Course Overview

The primary learning objectives are:

to gain experience using data analysis to extract information.
to gain experience communicating information that arise from a data analysis.

What is data analysis?

These quotes are from Tukey’s 1962 paper, The Future of Data Analysis.

… data analysis, which I take to include, among other things: procedures for analyzing data, techniques for interpreting the results of such procedures, ways of planning the gathering of data to make its analysis easier, more precise or more accurate, and all the machinery and results of (mathematical) statistics which apply to analyzing data.

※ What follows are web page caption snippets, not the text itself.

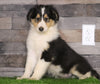 Golden Collie For Sale Fredericksburg, OH Male- Derick
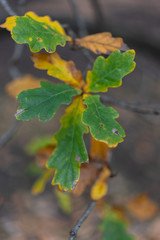 autumn leaves of oak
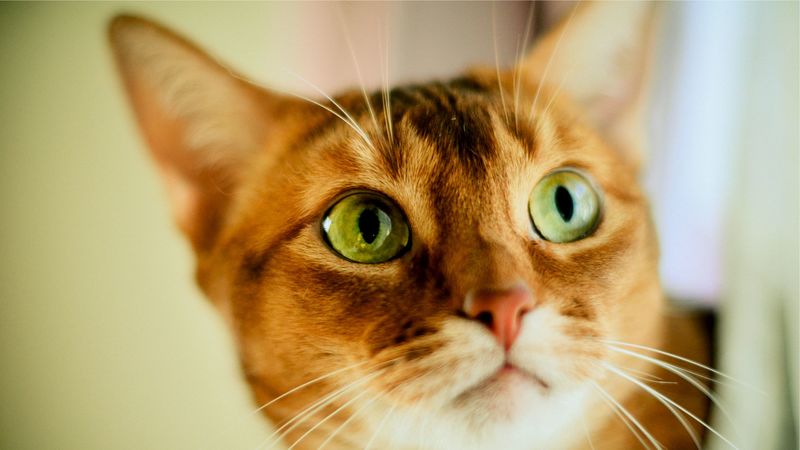 cat, face, color, concern, opinion, 4k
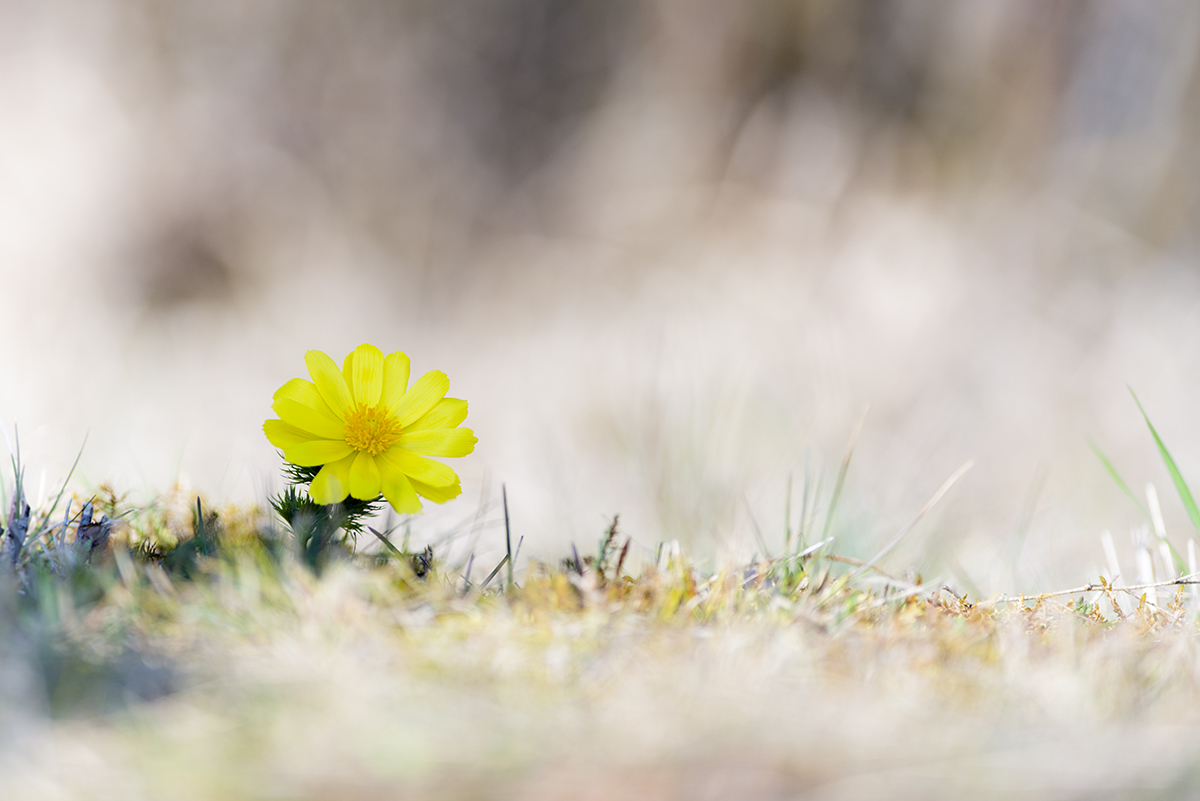rk_20190329_804306-n.jpg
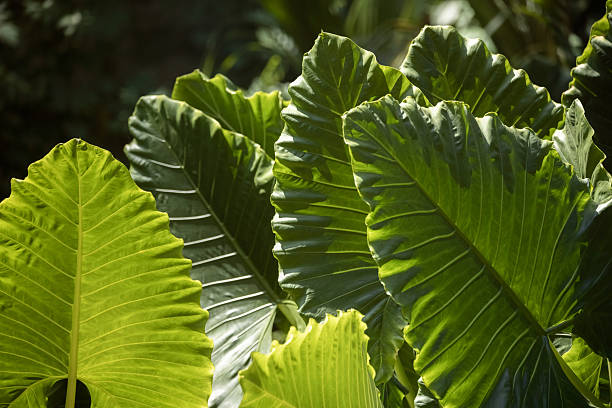 A close-up view of vibrant tropical foliage bathed in sunlight, highlighting the lush green leaves. Perfect for nature, botanical, and garden-themed promotions, emphasizing the beauty and freshness of tropical plants.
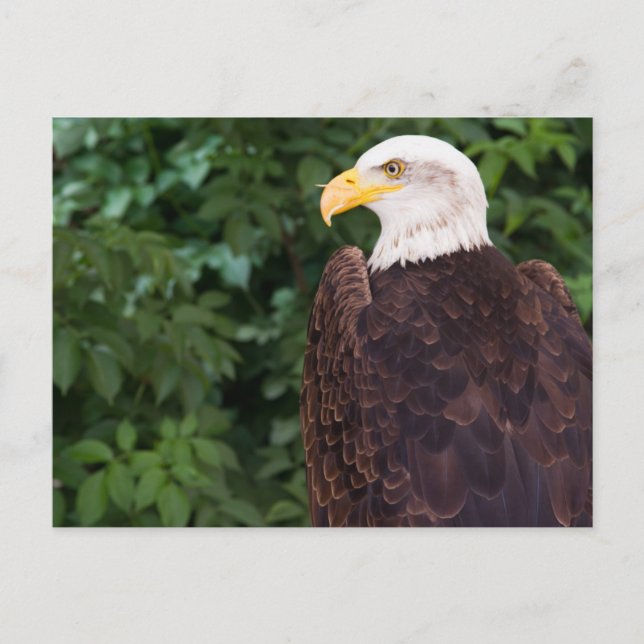 Magnifique Carte postale Aigle (Devant)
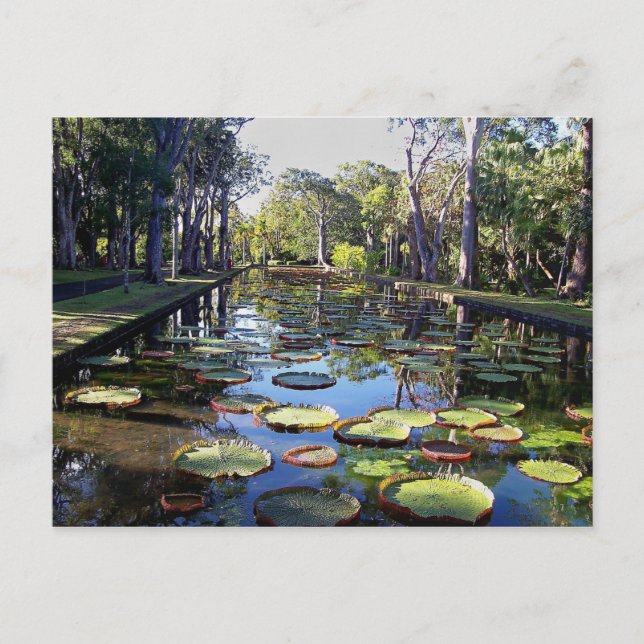 Botanischer Garten Pamplemousses, Insel Mauritius Postkarte (Vorderseite)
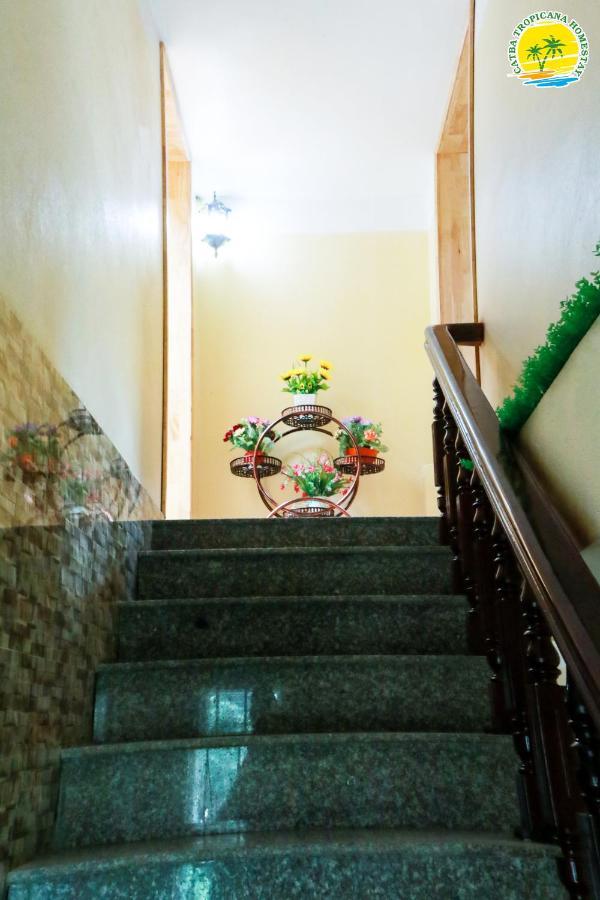 Cat Ba Vintage Homestay 吉婆岛 外观 照片
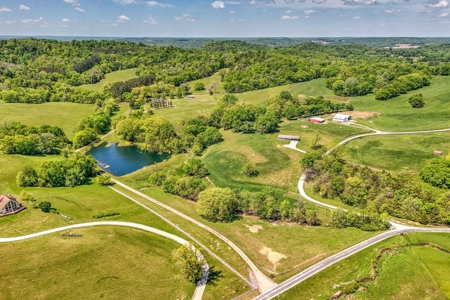 Farm for Sale in Giles County Tennessee - image 19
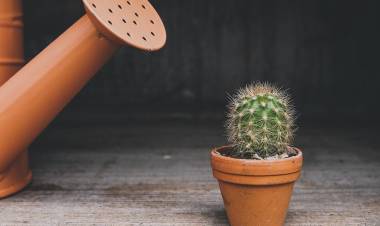 Balanced Growth Towards 30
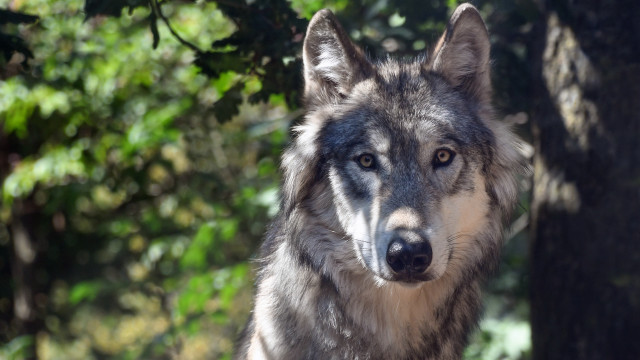 Wolf tree nature sharp focus free wallpaper - medium preview image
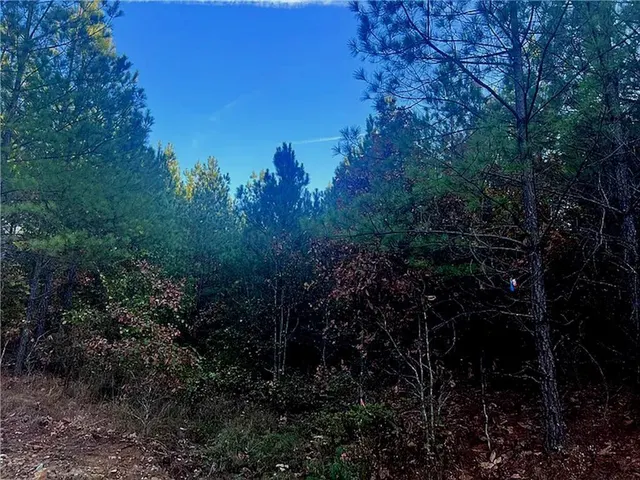 Photo 6 — 160 Red Fern Trail, Broken Bow, OK 74728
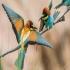 שרקרק מצוי צילום: Michael  Schroeder,Shutterstock חדשות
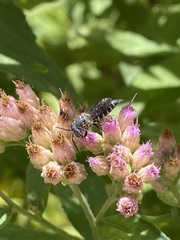 Coelioxys octodentatus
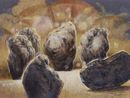 絵画《哄 笑》生方 純一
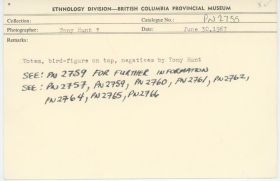 Image representing photograph.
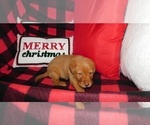 Small Photo #3 Labrador Retriever Puppy For Sale in NEENAH, WI, USA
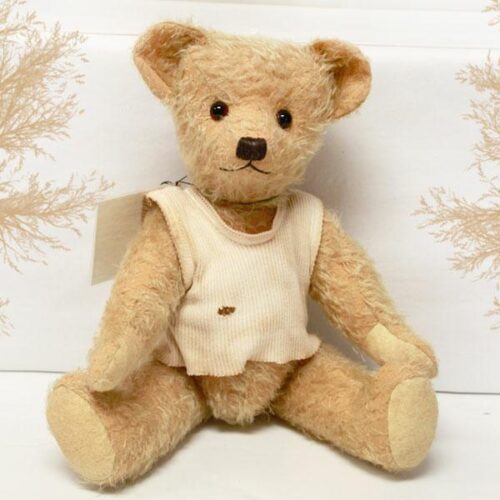 Albert by Sue Fenton - Bruins Bears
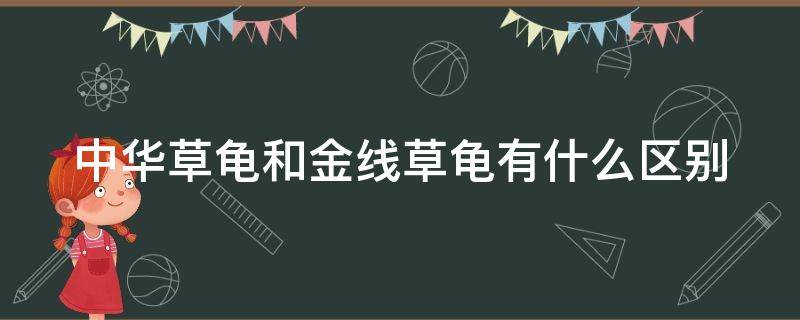 中華草龜和金線草龜有什么區(qū)別 中華草龜和金線草龜有什么區(qū)別?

Data analysis … take on the chracteristics of a science rather than those of mathematics …

… give general advice about the use of techniques as soon as there is reasonable ground to think the advice is sound; be prepared for a reasonable fraction (not too large) of cases of such advice to be generally wrong.

Pure mathematics differs from most human endevor in that assumptions are not criticized because of thier relation to something outside, though they are …often critized as unasthetic or as as unnecessarily strong …

In data analysis we must look to a very heavy emphasis on judgement …

(a1) judgement based upon the experience of the particular field of subject matter from which the data come,

(a2) judgement based upon a broad experience with how particular techniques of data analysis have worked in a variety of fields of application,

(a3) judgement based upon abstract results about the properties of particular techniques, whether obtained by mathematical proofs or empirical sampling.

Roger Peng states that

If one were to write down the steps in a data analysis, you might come up with something along these lines of the following list

Defining the question

Defining the ideal dataset

Determining what data you can access

Obtaining the data

Cleaning the data

Exploratory data analysis

Statistical prediction/modeling

Interpretation of results

Challenging of results

Synthesis and write up

Creating reproducible code

Computing

I use R with RStudio and suggest that you do to the same.
Python is an option, but I won’t be able to support you to the same degree as I can in R.
I expect that all work will be done in a “reproducible” manner.

Data aquisition

Experiment
Observational study

Data cleaning and wrangling

Data cleaning example

agedat <- tibble(age=c(25, 20, 21, 120,19,31,90,17),sex=c(rep("Male",4),rep("Female",4)))
ggplot(agedat,aes(sex,age))+geom_boxplot()

agedat_clean <- filter(agedat,age<=100) # remove age > 100
ggplot(agedat_clean,aes(sex,age))+geom_boxplot()

Data wrangling (transformation, etc.)

agedat_std <- agedat_clean %>% group_by(sex) %>% summarise(mean=mean(age),sd=sd(age)) %>% full_join(agedat_clean) %>% mutate(std_age=(age-mean)/sd)
ggplot(agedat_std,aes(sex,std_age))+geom_boxplot()

Methods

We won’t be learning about any particular methods in this course.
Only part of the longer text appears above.